(EXCERPTED RECORDS begins)
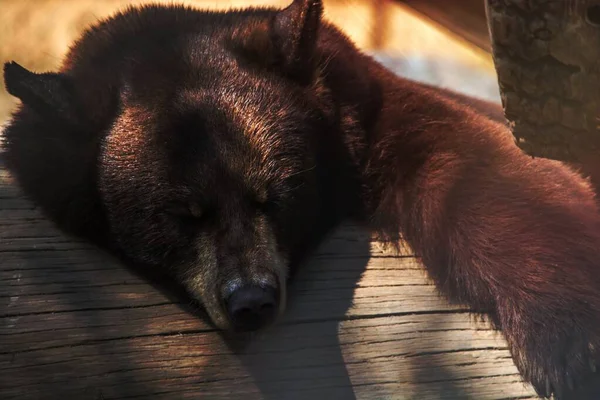 Niedźwiedź Brązowy Desce Drewnianej — Zdjęcie stockowe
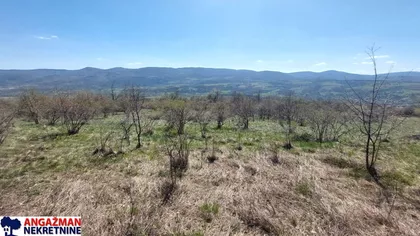 Krivovirska | 4zida.rs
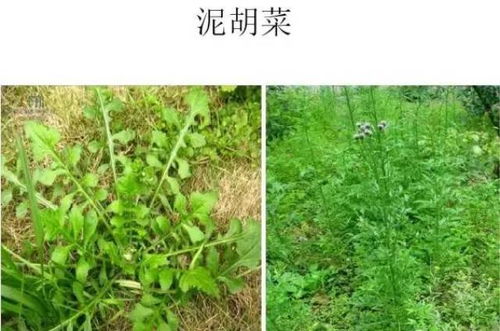 异丙草胺合成过程中，如何正确使用以确保农田杂草有效控制且不损害作物？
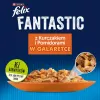 Felix Fanstastic Chicken, Tomato - šlapias kačių maistas - 85 g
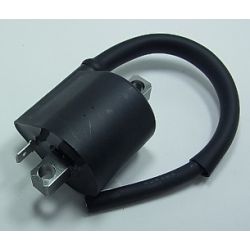 Bobines d'allumage moto SUZUKI VL800C INTRUDER VZ800 MARAUDER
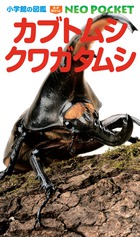 カブトムシ クワガタムシ 書籍 小学館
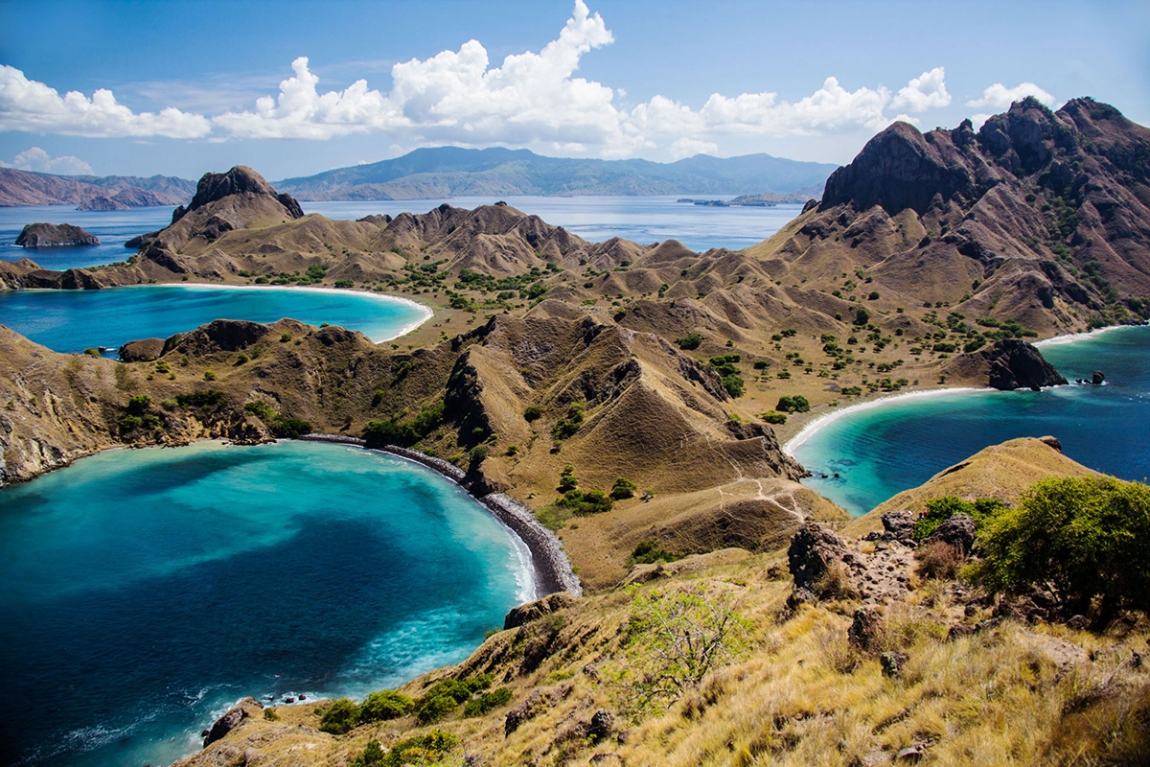 Komodo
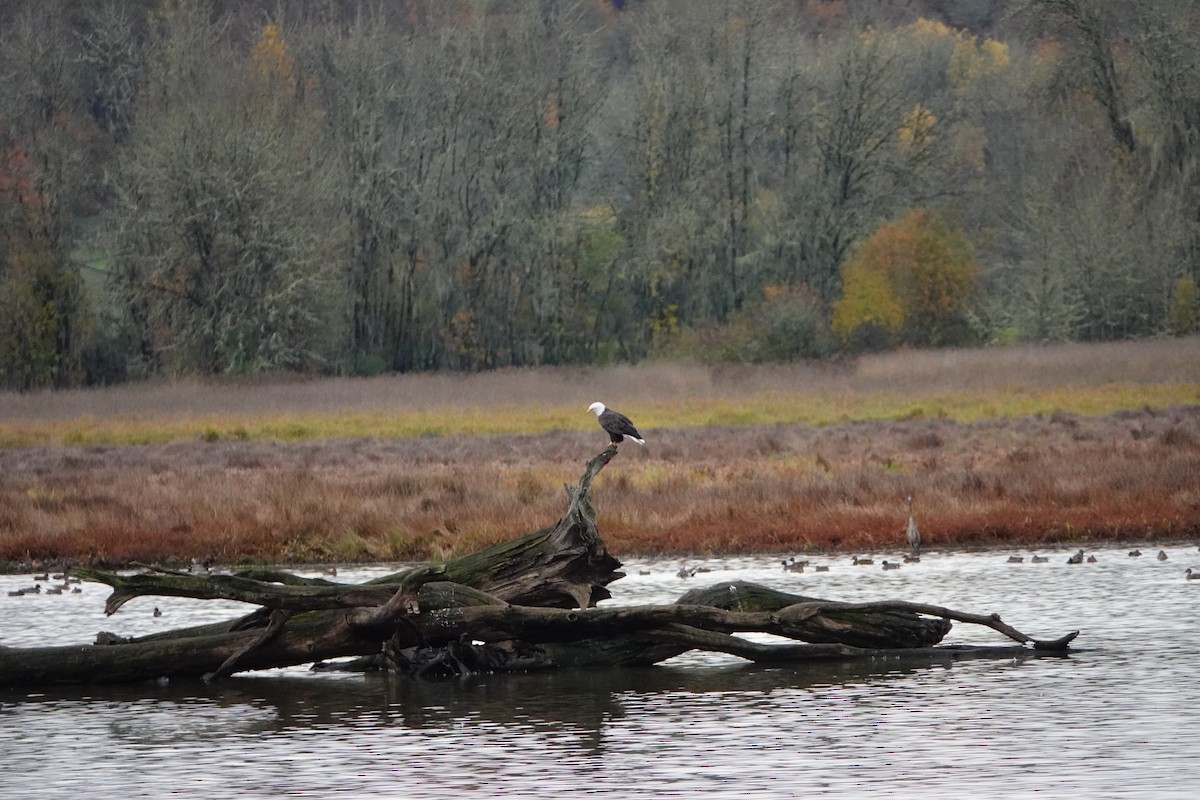 Bald Eagle - Barbara Reed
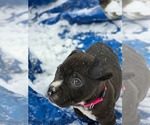 Small #9 Mutt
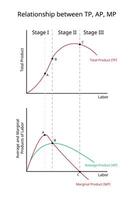 teoría de producción para total producto, promedio producto, marginal producto vector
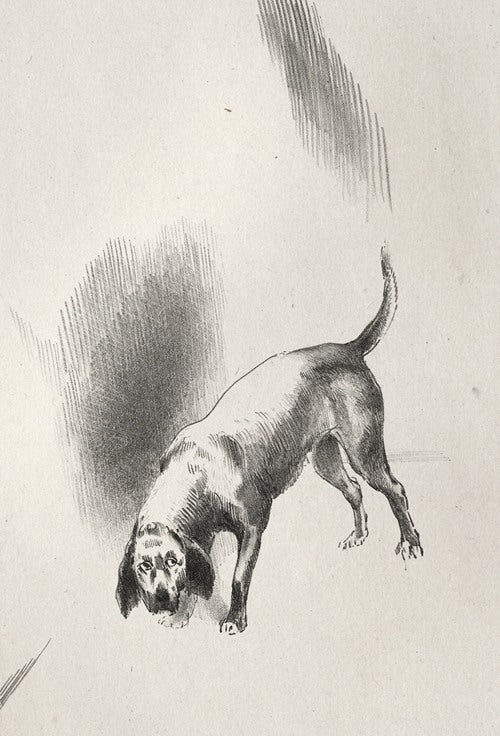 The Haunted House: He Kept His Eyes Fixed on Me with a Look so Strange (1896) by Odilon Redon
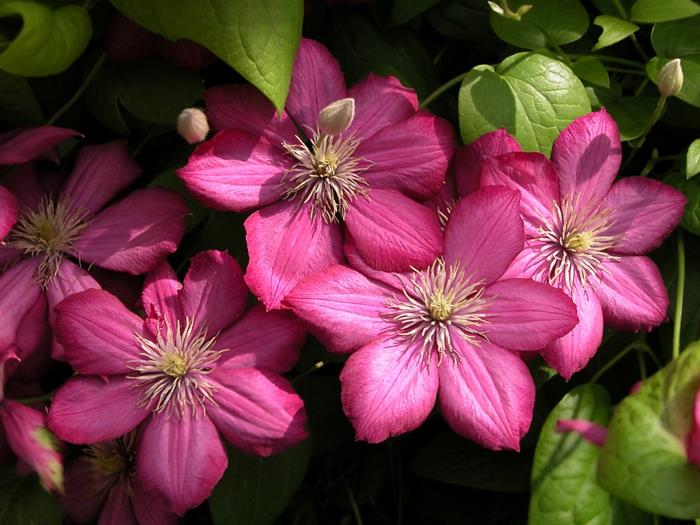 parveke kasvit aurinkoinen klematis hybridi vaaleanpunaiset kukat kiipeilykasvi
(EXCERPTED RECORDS ends)
[WHAT TO WORK ON]:
Could the material above be given again in full and exactly, with its pictures left out?

[TASK OUTPUT]:
 Niedźwiedź Brązowy Desce Drewnianej — Zdjęcie stockowe
 Krivovirska | 4zida.rs
 异丙草胺合成过程中，如何正确使用以确保农田杂草有效控制且不损害作物？
 Felix Fanstastic Chicken, Tomato - šlapias kačių maistas - 85 g
 Bobines d'allumage moto SUZUKI VL800C INTRUDER VZ800 MARAUDER
 カブトムシ クワガタムシ 書籍 小学館
 Komodo
 Bald Eagle - Barbara Reed
 Small #9 Mutt
 teoría de producción para total producto, promedio producto, marginal producto vector
 The Haunted House: He Kept His Eyes Fixed on Me with a Look so Strange (1896) by Odilon Redon
 parveke kasvit aurinkoinen klematis hybridi vaaleanpunaiset kukat kiipeilykasvi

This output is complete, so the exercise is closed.